Action item> Reproduce verbatim the line containing "McCormack wins leadership" and every line that follows it through the end of the entries below, omitting all pictures.

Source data
□ □ □ □ □

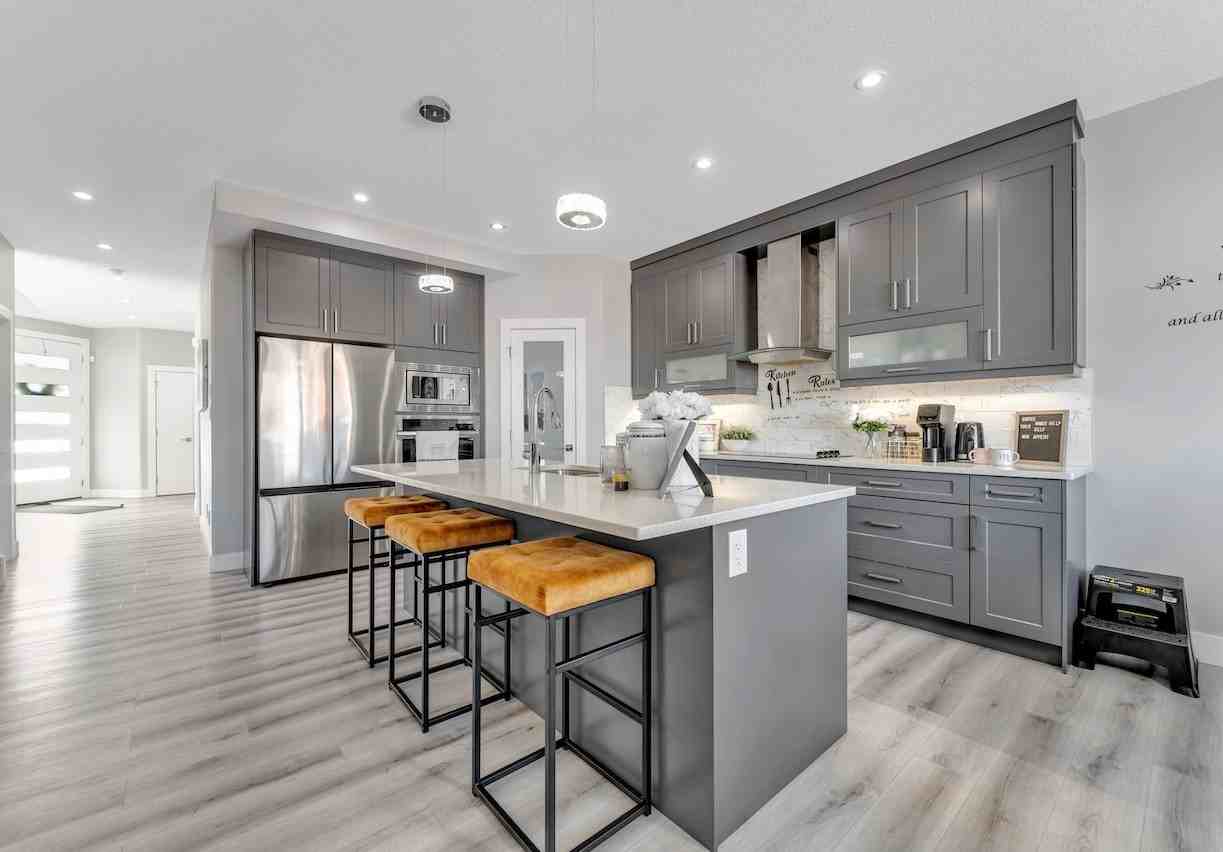 6602 38 Ave - Photo 4 of 19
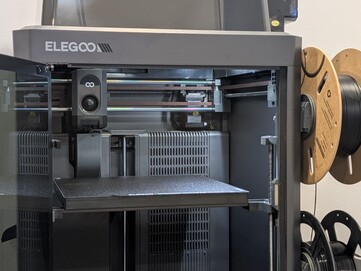 A Centauri Carbon 2 belseje.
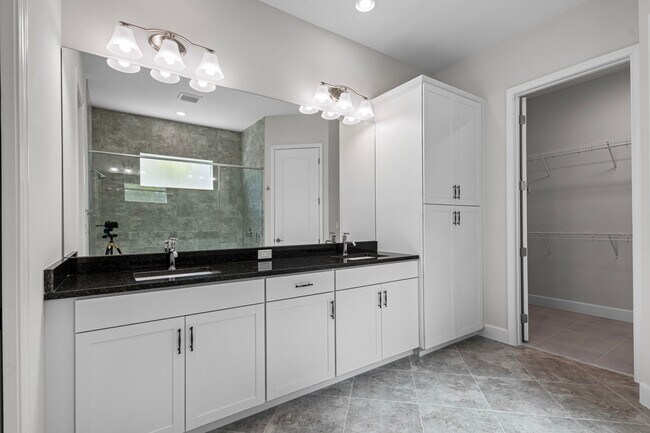 Building Photo - 14200 Lacebark Ln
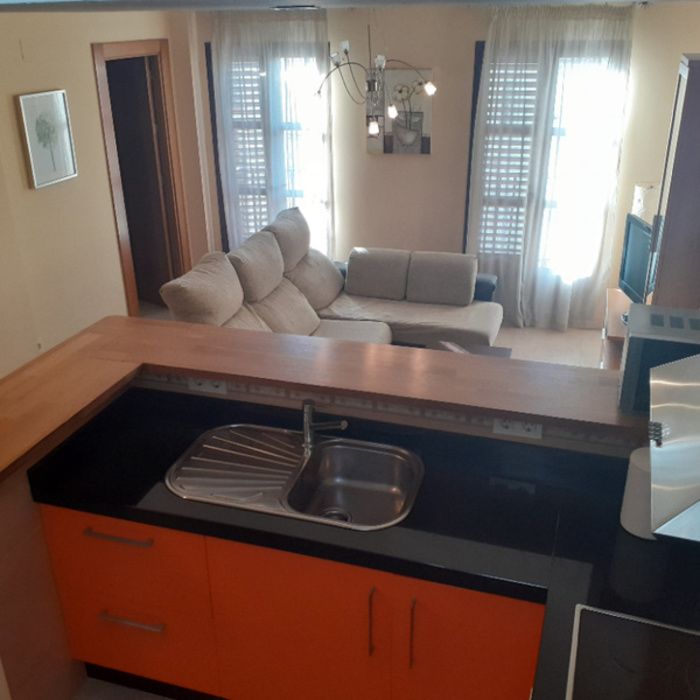 PRECIOSO APARTAMENTO-DUPLEX AMUEBLADO CON TERRAZA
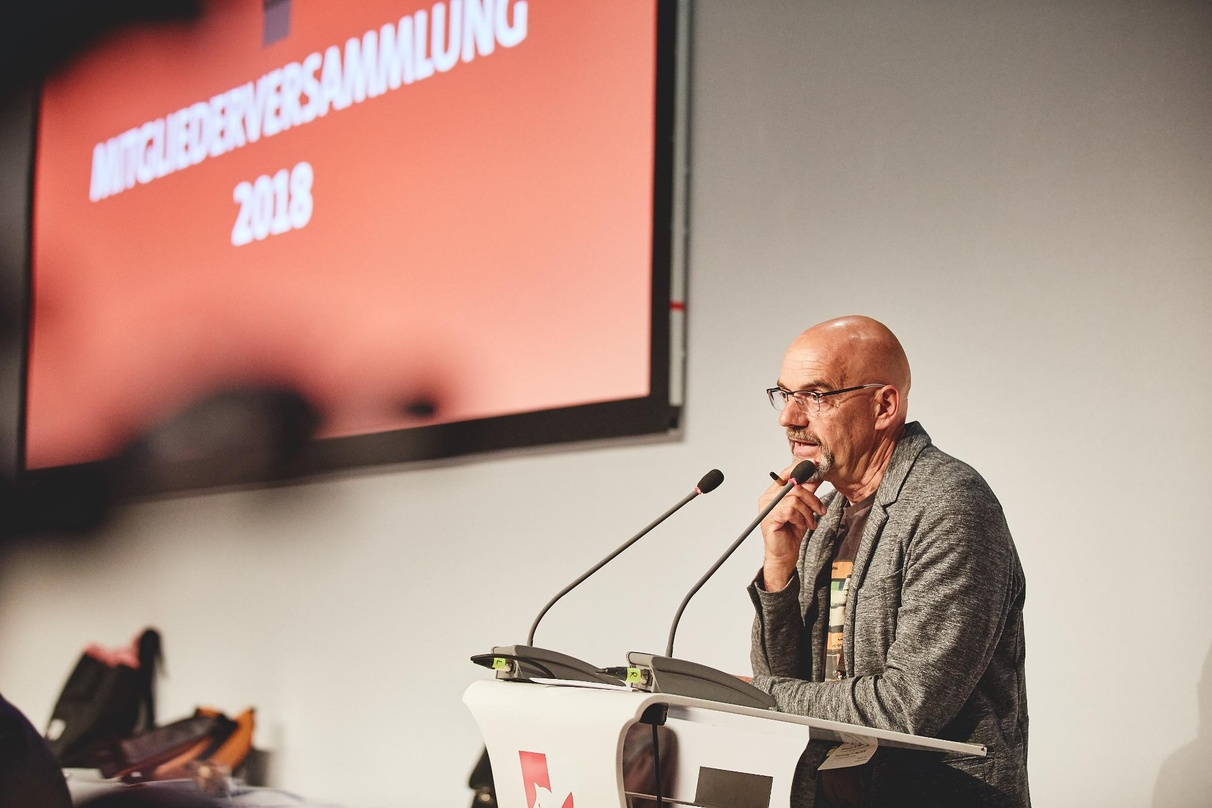 Will sich als Vorsitzender des GEMA-Aufsichtsrats auch weiterhin für die Interessen der in der Verwertungsgesellschaft organisierten in der GEMA organisierten Komponisten, Textdichter und ...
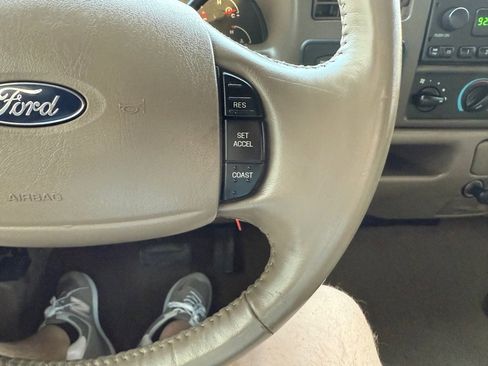 Used 2004 Ford F350 Lariat image 30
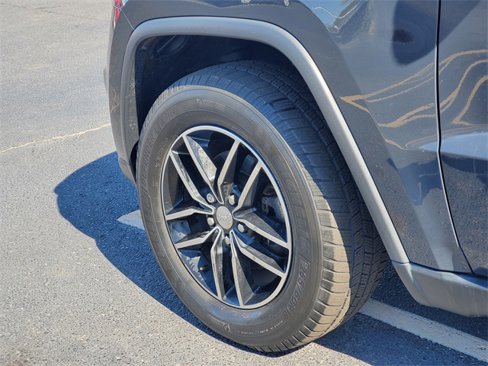 Used 2018 Jeep Grand Cherokee Trailhawk image 32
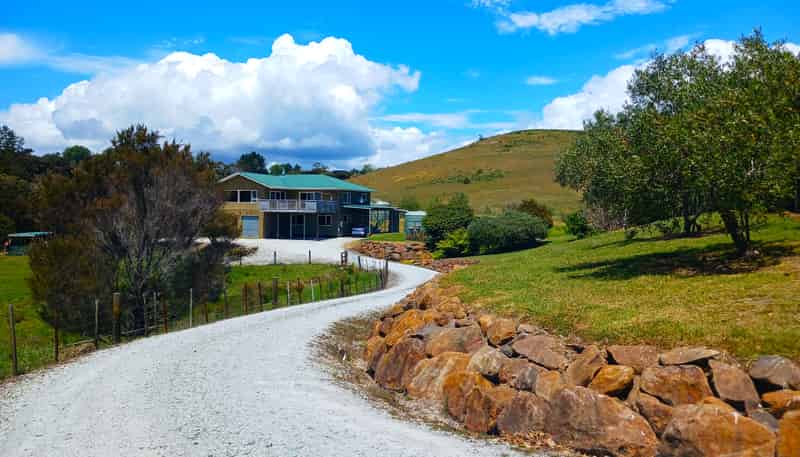 9/11 Ocean View Road, Cable Bay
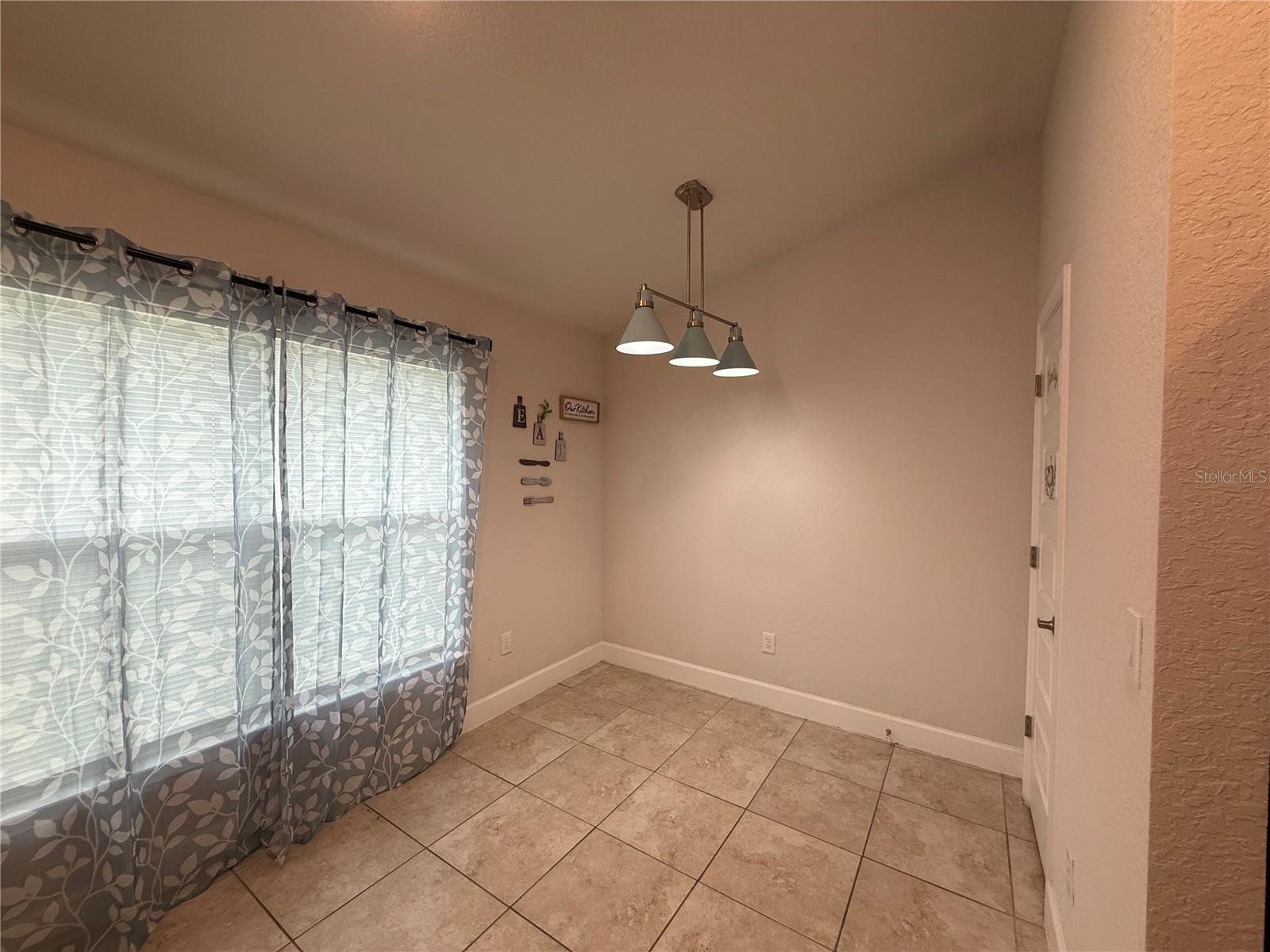 14921 TROPICAL VIOLET WAY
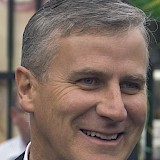 McCormack wins leadership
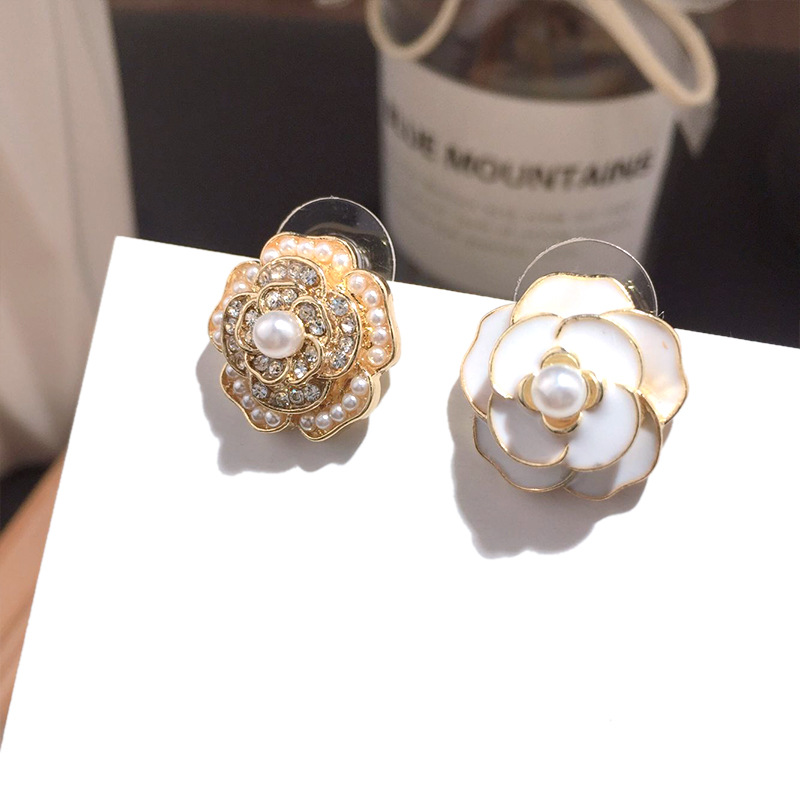 Korean New Asymmetric Full Diamond Flower Earrings display picture 5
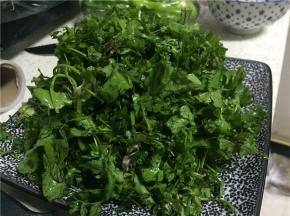 准备好荠菜，采摘干净，切段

□ □ □ □ □

Your solution>
 McCormack wins leadership
 Korean New Asymmetric Full Diamond Flower Earrings display picture 5
 准备好荠菜，采摘干净，切段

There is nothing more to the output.